The canonical situation of the Society of St. Pius X (SSPX), a group founded in 1970 by Archbishop Marcel Lefebvre, is unresolved. It has been described as "both complex and fluid."
The SSPX has been the subject of much controversy since 1988, when Bernard Fellay, Bernard Tissier de Mallerais, Richard Williamson and Alfonso de Galarreta were illicitly consecrated at the Ecône, Switzerland, International Seminary of Saint Pius X as bishops in violation of Latin Church canon law. Lefebvre and the four other SSPX bishops individually incurred a disciplinary latae sententiae excommunication for the schismatic act; the excommunications of the four living SSPX bishops were remitted in 2009.
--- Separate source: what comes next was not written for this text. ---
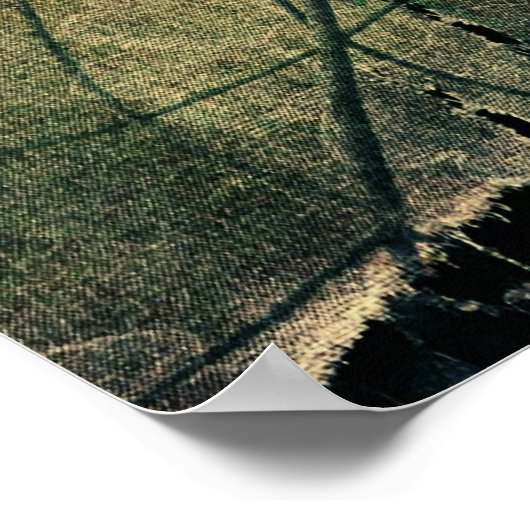 Ripped Poster (Hoek)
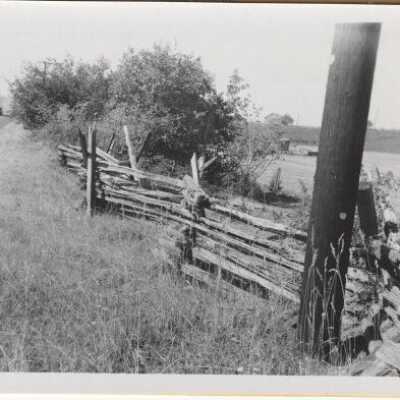 Old Cedar Fence along River 1947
Talks between the Society and the Holy See are at an impasse, and the Holy See considers that the Society has broken away from communion with the Catholic Church. Although the Holy See has granted to all priest members of the Society the faculty to give sacramental absolution validly to those who attend its churches and has authorised local ordinaries to grant permission for celebrating marriages of followers of the Society (see sections on faculties below), the Holy See has declared in a letter to the Society dated 26 June 2017 and approved by Pope Francis on 20 May 2017 that full re-establishment of communion is conditional on its members making the 1998 profession of faith, accepting explicitly, with the degree of adhesion due to them, the teachings of the Second Vatican Council and subsequent Church teachings, and recognising not only the validity but also the legitimacy of the rite of Mass and the other sacraments celebrated according to the liturgical books promulgated after that council.